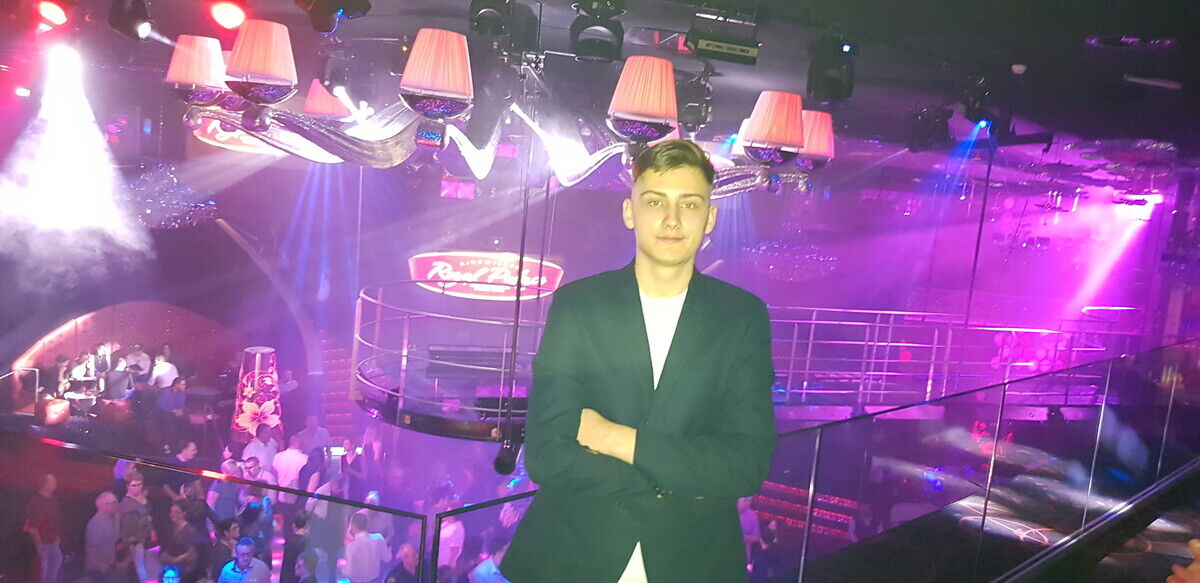  Stuttgart,   , 23 ,   ,   , c 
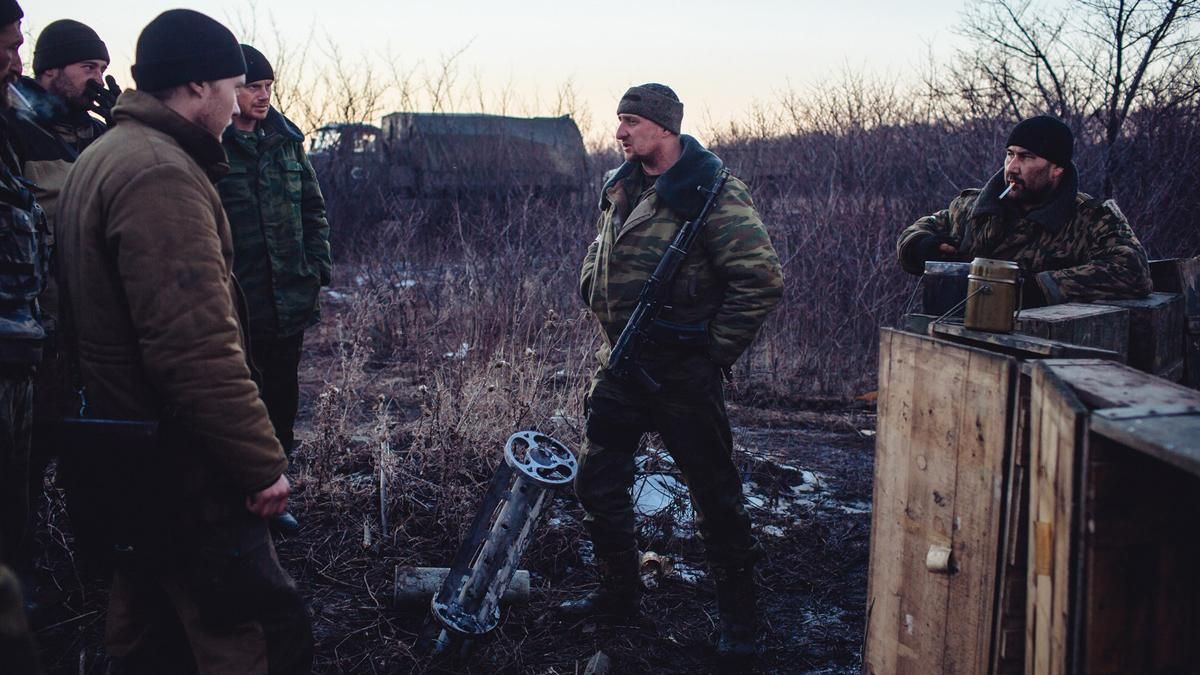 Ворог продовжує обстріли та активізує розвідку, — штаб АТО Ворог продовжує обстріли та активізує розвідку, — штаб АТО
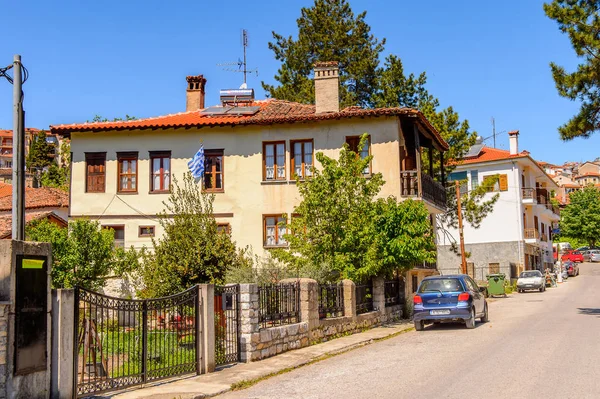 Kastoria, Yunanistan - 21 Nisan 2016: Kastoria Mimarisi, Batı Makedonya, Yunanistan. Şehir birçok Bizans kilisesi, Osmanlı dönemi mimarisi ile ünlüdür.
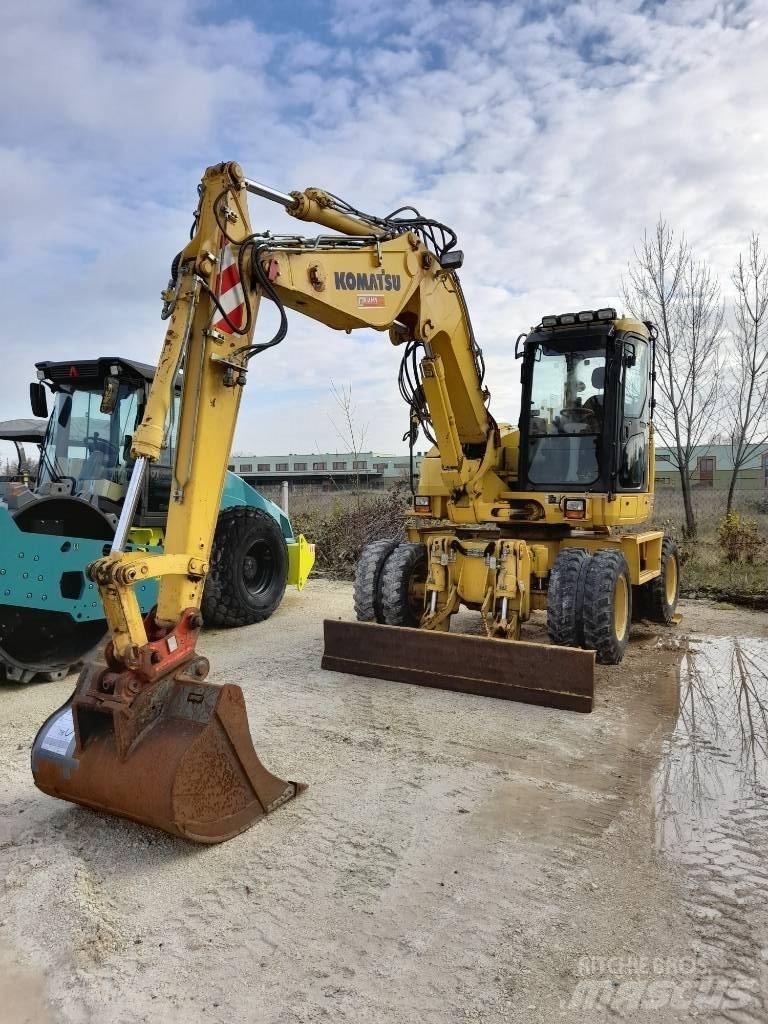 Komatsu PW118MR-8 Gumikerekes kotrók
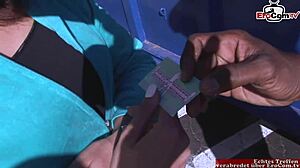 Magrela Morena de 18 Anos Leva Pau Negro Gigante em Casting Apertado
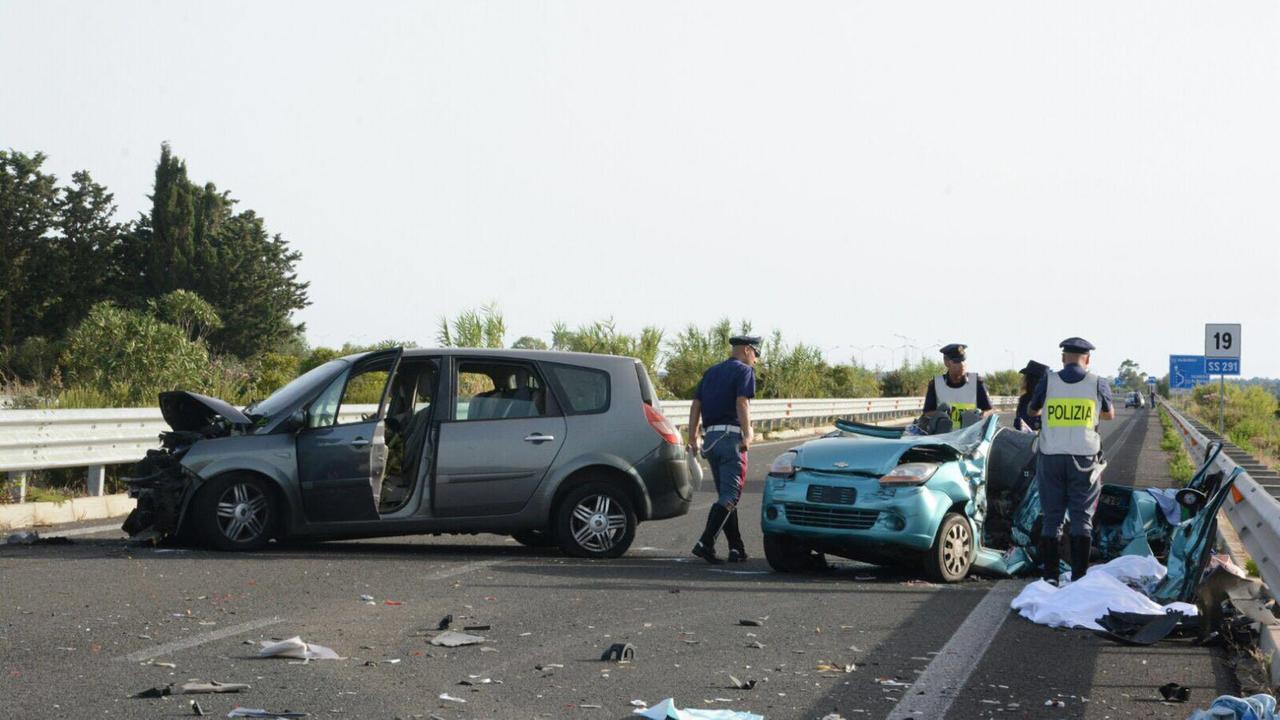 Olmedo, tampona un'auto e uccide due donne: militare in fuga ritrovato nella notte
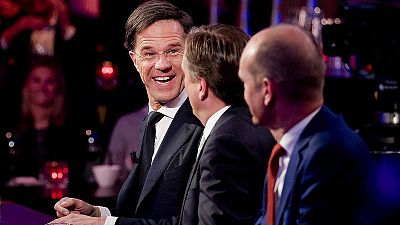 Desde la izquierda, Mark Rutte, Alexander Pechtold y Gert-Jan Segers participan en un programa televisivo por las elecciones en Holanda, el miércoles 15 de marzo de 2017, en La Haya (Holanda)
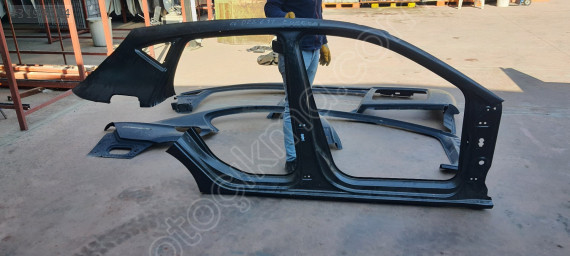 Seat leon 20/24 sag yan duvar sacı sefalılar oto cikma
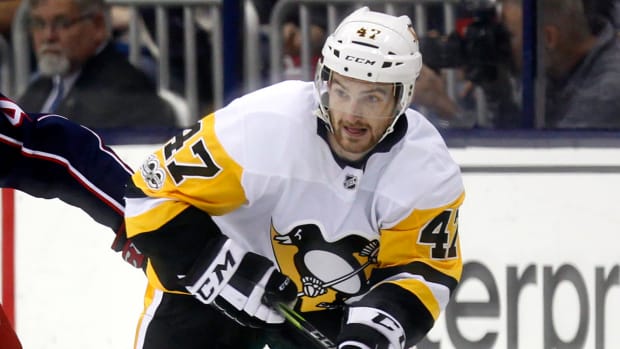 Colin White showed enough in his training camp tryout to earn an NHL deal  from the Penguins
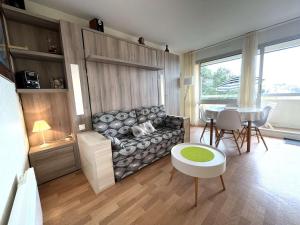 Posedenie v ubytovaní Studio cosy à Bénodet: plage, restos, thalasso à pied, balcon et parking privé - FR-1-481-135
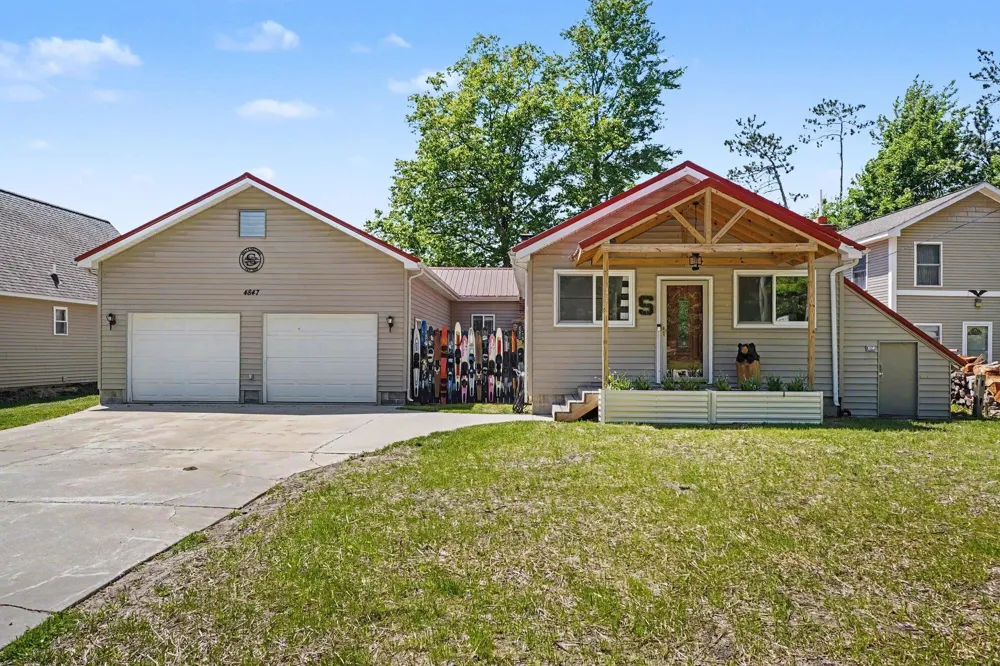 4847 Franklin Street Plainfield Township, MI 49504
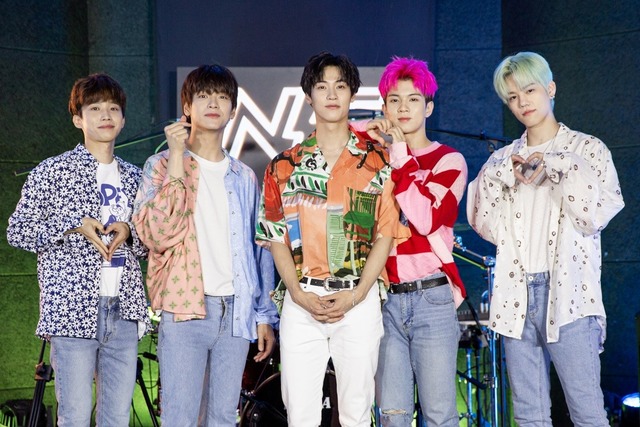 엔플라잉은 가끔 형식적인 아 진짜요?라는 반응이 오면 공허한 느낌이 들 때가 있다. 그럴 때 이 가사가 공감이 되실 것이라고 타이틀곡 아 진짜요.(Oh really.)를 소개했다. /FNC엔터 제공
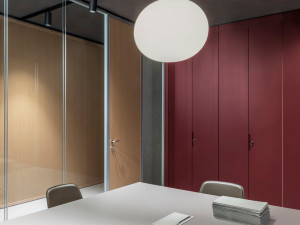 Высокий модульный офисный шкаф с замком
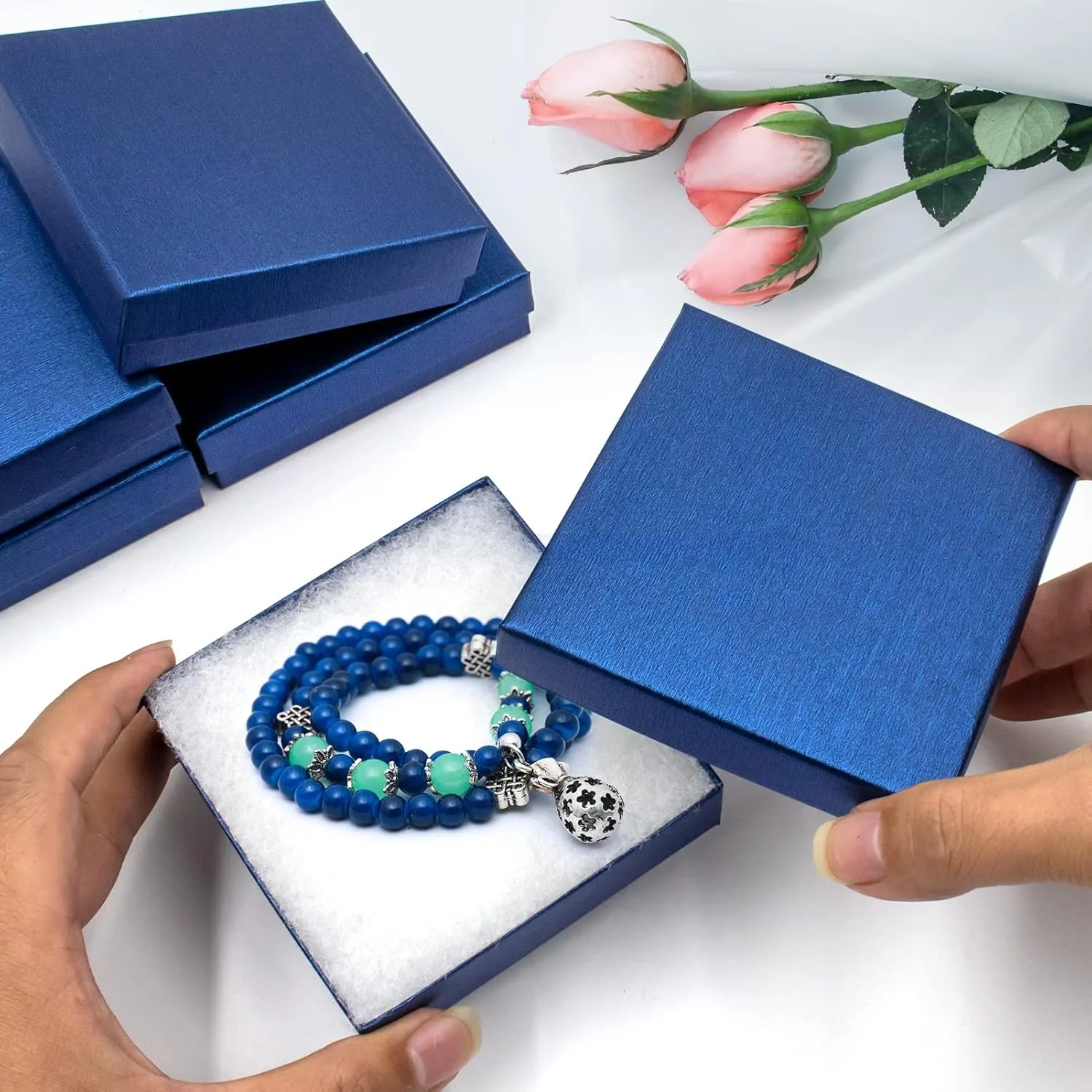 Cardboard Jewelry Blue Gift Boxes 20 Pack3.53.51 inches, its apply to displaying necklaces, rings, bracelets, earrings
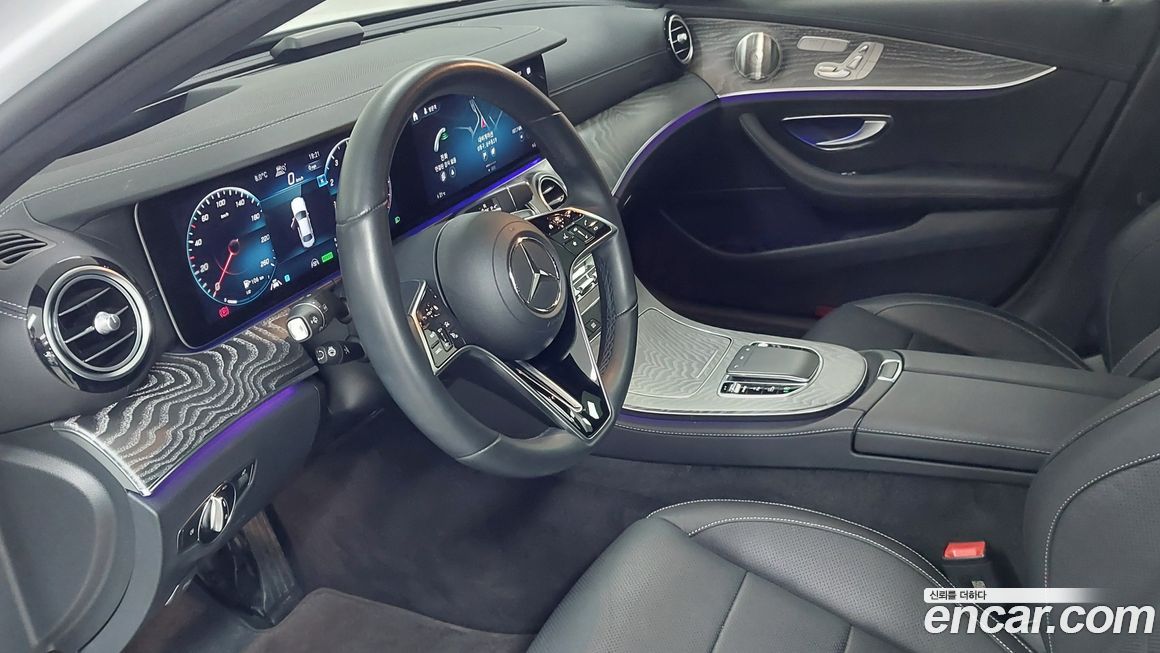 Mercedes-Benz E-Class 2023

» **Task goal**: With the pictures left out, copy exactly the lines from the one containing "Colin White showed" through the final line of the records above, both included.

» **Result for this task**:
 Colin White showed enough in his training camp tryout to earn an NHL deal  from the Penguins
 Posedenie v ubytovaní Studio cosy à Bénodet: plage, restos, thalasso à pied, balcon et parking privé - FR-1-481-135
 4847 Franklin Street Plainfield Township, MI 49504
 엔플라잉은 가끔 형식적인 아 진짜요?라는 반응이 오면 공허한 느낌이 들 때가 있다. 그럴 때 이 가사가 공감이 되실 것이라고 타이틀곡 아 진짜요.(Oh really.)를 소개했다. /FNC엔터 제공
 Высокий модульный офисный шкаф с замком
 Cardboard Jewelry Blue Gift Boxes 20 Pack3.53.51 inches, its apply to displaying necklaces, rings, bracelets, earrings
 Mercedes-Benz E-Class 2023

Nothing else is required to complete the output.